WAN Summit Q&A with Salim Khouri of Expereo
Salim Khouri, Director of Solutions Engineering at Expereo, talks to Capacity Media about SD-WAN implementation, carrier planning, and what the main reasons are to switch to SD-WAN.
Q. How do you prepare a site for SD-WAN implementation?
Site readiness is critical for successful deployment. Like any Internet-based service, a site needs to receive both Internet access lines and the router to leverage an SD-WAN network. This can include physical requirements such adequate power, a place to rack and stack equipment, patch cords – all the way to ensuring network IP addresses and VLAN information needed for configuration is accurate.
Q. How do you judge the amount of bandwidth needed from carriers?
How much bandwidth that is needed, is typically a function on the existing size of the circuits used by a customer, and how much forecast in user growth is expected. The benefit is that commodity internet access is for the most part much cheaper than MPLS, so on a cost-by-cost comparison, most customers will benefit with much larger Internet circuits, that can carry their SD-WAN traffic, as well as enjoy more direct access to SaaS and cloud providers through local Internet breakout.

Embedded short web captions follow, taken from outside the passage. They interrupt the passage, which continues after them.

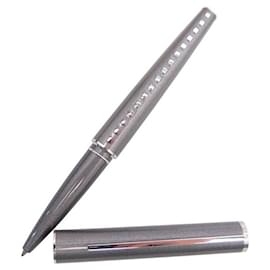 Louis Vuitton-NINE BALLPOINT PENS LOUIS VUITTON JET LINE N79248 GRAY RESIN-Grey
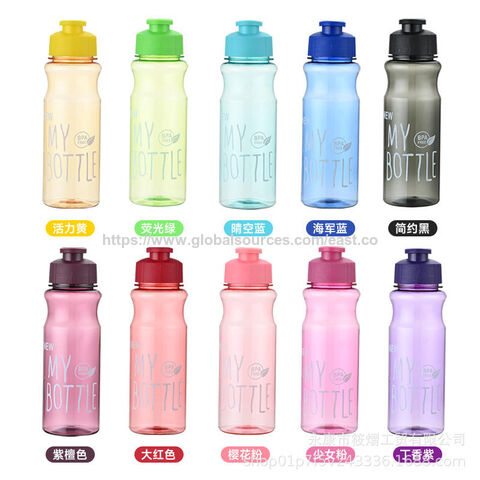 Transparenter Aktivitätsbecher mit personalisiertem Druck - Süße bunte Wasserflasche mit individuellem Logo für Mädchen und Jungen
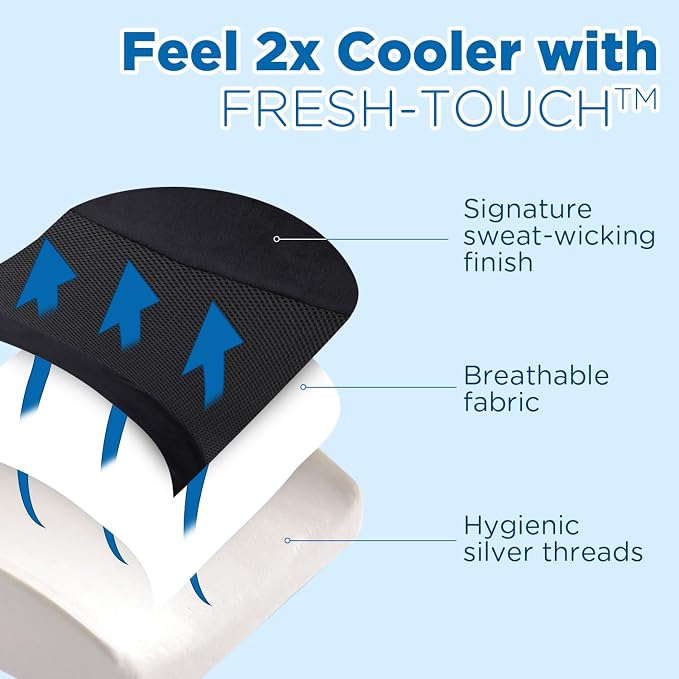 Lumbar Support Pillow for Office Chair Car, Gaming Chair Lower Back Pain Relief - Image 4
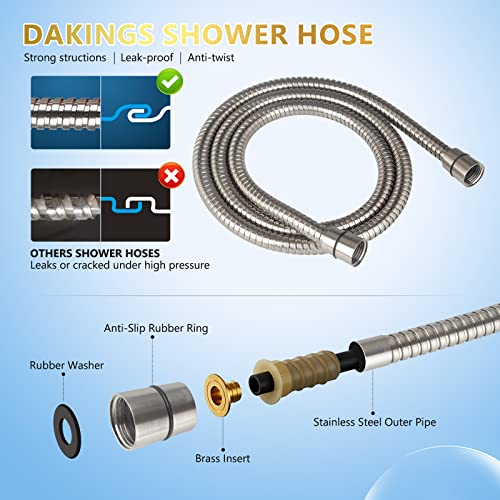 6 Spray Modes High Pressure Handheld Showerhead Set Upgraded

Q. Are there any rules of thumb to improve performance across SD-WAN?
Since SD-WAN is built on VPN technology, a good SD-WAN design accounts for all customer locations and the traffic path of user data. This information is vital as latency can significantly impact the user experience. Here’s our rule of thumb at Expereo: Good SD-WAN design is based on the applications being used, and where they are accessed from, optimizing a network for business-specific needs.
Q. What argument would you give for switching to SD-WAN?
You’ve got to consider what the main drivers behind SD-WAN are:
Cost – SD-WAN can be cheaper than MPLS since it gives you the freedom to tailor a network to your needs. Internet access is also typically less expensive than MPLS, and offers significantly more bandwidth on a cost-by-cost basis.
The Cloud – Companies are moving more and more of their business applications to the cloud and have migrated from on-premise to SaaS hosted applications. Even if a company’s infrastructure isn’t based in the cloud, chances are they are using a cloud-based service like Slack or Google Drive.
Flexible Deployment – MPLS relies on a single carrier to manage deployment, which can take time. Internet, on the other hand, can be more readily deployed and more widely available. Since SD-WAN does not rely on the underlay, it can quickly deploy, and scale to the customer’s needs.
Application performance – SD-WAN introduces numerous value-adds that are not available to MPLS. This includes leveraging multiple underlay circuits to maximize circuit usage and performance and establish traffic steering policies for specific application types and SaaS optimized traffic.
Visibility – One of the most powerful features is complete visibility on user traffic. Detailed network performance data, user traffic patterns, sites and applications used are some of the many things visible to customers.